Dans l'amalgame que nous formions, personne, parmi les hommes de troupe, n'était fixé sur son ancienneté relative. Il était probable que, dans une telle incertitude, le sort, le hasard, remplacerait la règle. Tous, nous avions à craindre d'être désignés pour faire partie du fatal peloton. Brûler ainsi sa première cartouche, quelle épreuve!
Mauvaise nuit que celle qui précéda l'exécution. Pourtant nos appréhensions furent vaines. Aucun gradé, aucun homme de notre compagnie ne fut requis. Seul le 2e bataillon avait été chargé de former le peloton. Dès l'aube, tout le régiment s'était préparé à prendre les armes, dans une sorte de recueillement. Il était à peine aligné en avant du front de bandière, que l'alerte sonnerie de clairons des chasseurs à pied se fit entendre venant de la ville: «As-tu vu la casquette, la casquette?»
Le 10e bataillon de marche défilait devant nous, d'une vive allure. Puis, le puissant roulement des tambours, sourd d'abord, plus distinct, plus sonore d'instant en instant, sembla faire trembler le sol. C'était un aussi beau régiment que le nôtre, le 51e. Il venait de son campement, sur l'autre rive de la Loire. Il passa devant nous, et, à la suite des chasseurs, s'enfonça dans la forêt, où nous nous engageâmes à notre tour.

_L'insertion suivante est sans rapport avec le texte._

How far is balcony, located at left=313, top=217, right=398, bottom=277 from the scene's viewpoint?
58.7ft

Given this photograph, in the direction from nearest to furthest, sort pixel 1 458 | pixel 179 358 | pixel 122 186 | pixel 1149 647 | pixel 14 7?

Allant en faire les frais, nous faisions aussi les honneurs de cette première réunion de notre brigade.
A distance, le bois et les chemins se perdaient dans le brouillard; mais ce voile, sans se dissiper, semblait reculer devant nous, dessinant, à mesure que nous avancions, un cadre approprié à la cérémonie où nous étions conduits. Les arbres dépouillés étendaient lamentablement leurs branches, comme les bras d'un peuple de squelettes; l'herbe disparaissait sous la litière des feuilles desséchées, terreuses, qui s'affaissaient en grinçant sous nos pas. Quittant bientôt la grande route qui partage la forêt, la colonne prit un étroit chemin, mal frayé, défoncé par les chariots des bûcherons. Tout à coup s'ouvrit devant nous une immense clairière, où nous nous engageâmes en face du 51e de marche et à côté du 10e bataillon.

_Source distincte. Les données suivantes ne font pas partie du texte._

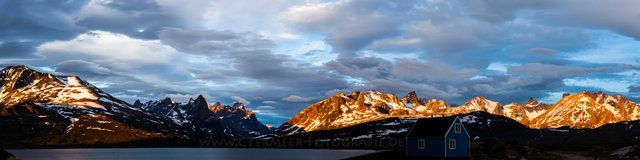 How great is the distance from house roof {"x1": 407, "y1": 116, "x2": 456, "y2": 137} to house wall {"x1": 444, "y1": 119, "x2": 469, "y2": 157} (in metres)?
1.05

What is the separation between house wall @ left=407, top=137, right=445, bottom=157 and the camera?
82.5m

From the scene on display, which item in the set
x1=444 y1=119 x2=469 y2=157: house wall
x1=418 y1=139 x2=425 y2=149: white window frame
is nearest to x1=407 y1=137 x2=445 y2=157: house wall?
x1=418 y1=139 x2=425 y2=149: white window frame

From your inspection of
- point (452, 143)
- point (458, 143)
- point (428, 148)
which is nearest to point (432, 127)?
point (428, 148)

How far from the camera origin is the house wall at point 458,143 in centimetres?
8231

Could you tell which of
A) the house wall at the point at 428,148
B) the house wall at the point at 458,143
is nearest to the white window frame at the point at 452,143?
the house wall at the point at 458,143

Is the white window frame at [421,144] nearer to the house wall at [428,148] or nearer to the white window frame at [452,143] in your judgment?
the house wall at [428,148]

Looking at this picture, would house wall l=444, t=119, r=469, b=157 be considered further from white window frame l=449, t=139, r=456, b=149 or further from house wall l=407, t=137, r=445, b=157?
house wall l=407, t=137, r=445, b=157

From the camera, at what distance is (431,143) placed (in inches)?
3314

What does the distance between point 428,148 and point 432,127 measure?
4.01m

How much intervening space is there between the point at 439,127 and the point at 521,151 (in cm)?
1527

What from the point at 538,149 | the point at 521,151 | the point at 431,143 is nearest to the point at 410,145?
the point at 431,143

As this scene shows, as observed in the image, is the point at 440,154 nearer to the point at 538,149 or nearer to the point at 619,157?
the point at 538,149

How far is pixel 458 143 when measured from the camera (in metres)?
84.2

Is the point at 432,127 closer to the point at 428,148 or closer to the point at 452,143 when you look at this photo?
the point at 428,148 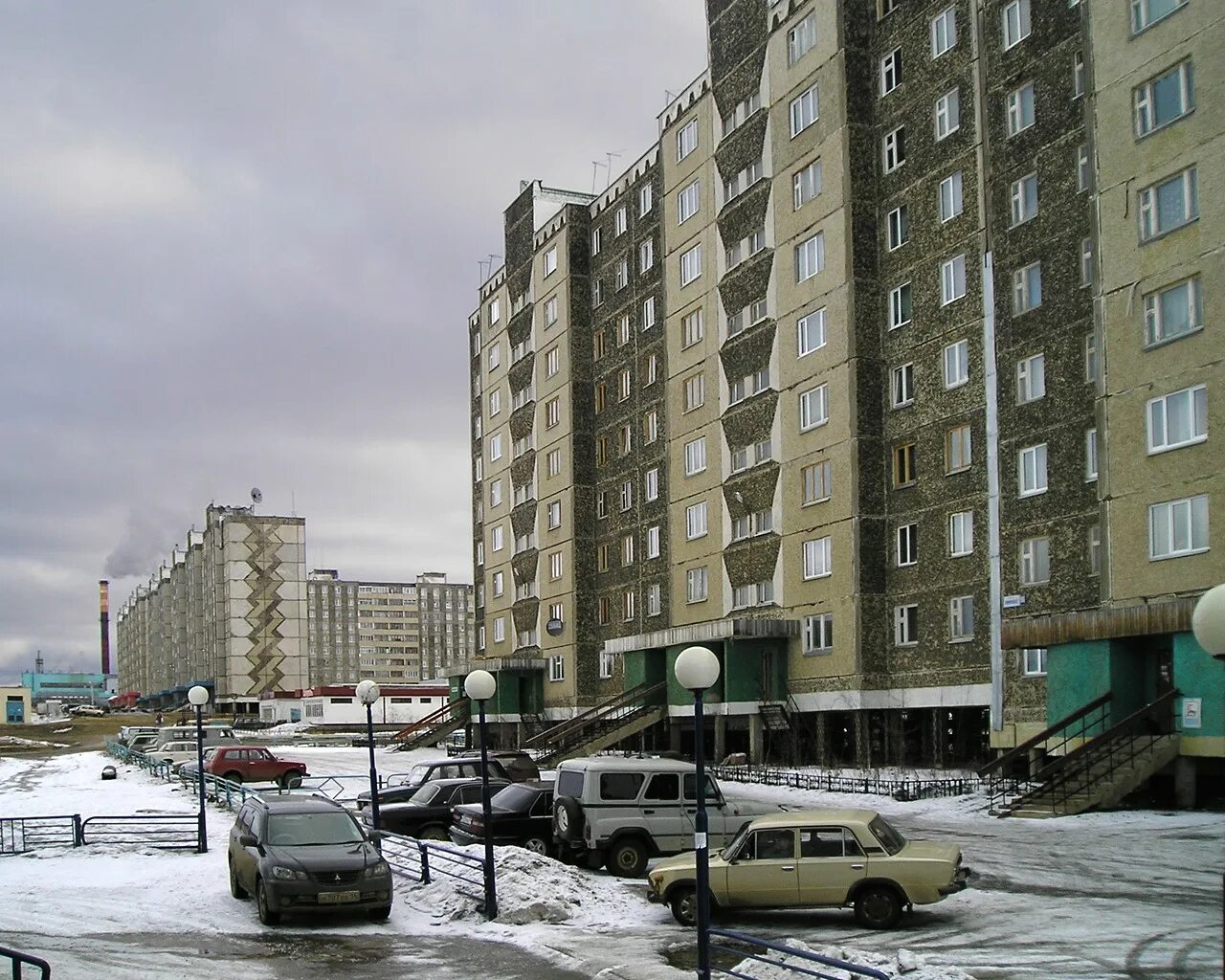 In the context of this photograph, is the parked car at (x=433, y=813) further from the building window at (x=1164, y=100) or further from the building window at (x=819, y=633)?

Clairons et tambours s'étaient tus; mais derrière nous se faisait entendre la voiture cellulaire qui, entre deux gendarmes, cahotait dans les ornières. Il lui fut impossible d'avancer au milieu des fougères qui nous cachaient jusqu'à la ceinture. La portière s'ouvrit, et le condamné, invité à descendre, put contempler une dernière fois la voûte du ciel, qui, dans ce large espace, n'était plus voilé par la brume.
Le caporal Tillot était vêtu de la petite veste bleu foncé, avec ses galons. Un aumônier le soutenait, car il semblait prêt à faiblir, comme au terme d'un trop long voyage. Il recueillait les dernières consolations de la bouche du prêtre. Son visage, douloureusement contracté, exprimait pourtant la résignation. Sa marche était pénible, mais non pas hésitante.
Les herbes et les fougères avaient été fauchées sur un carré de quelques mètres. C'était l'endroit où le malheureux devait mourir. Il y parvint enfin. Il se laissa bander les yeux et s'agenouilla devant ses compagnons d'armes rangés à dix pas de lui.
A cheval auprès du peloton, le colonel Koch était visible de tous les points de la clairière. Il commanda: «Portez vos armes!—Tambours, ouvrez le ban...!»
A un roulement lugubre comme un glas, succéda un silence plus lugubre encore. Dans cet espace où, sous le ciel, 8000 hommes respiraient, on entendit, semblable à un râle d'agonie, le souffle oppressé du condamné. A cet instant solennel, la voix sonore, nette et vibrante du lieutenant Eynard s'éleva du centre de ce cirque et prononça l'inexorable arrêt que terminaient ces mots:
«Au nom de la patrie envahie, le caporal Tillot est condamné à la peine de mort.»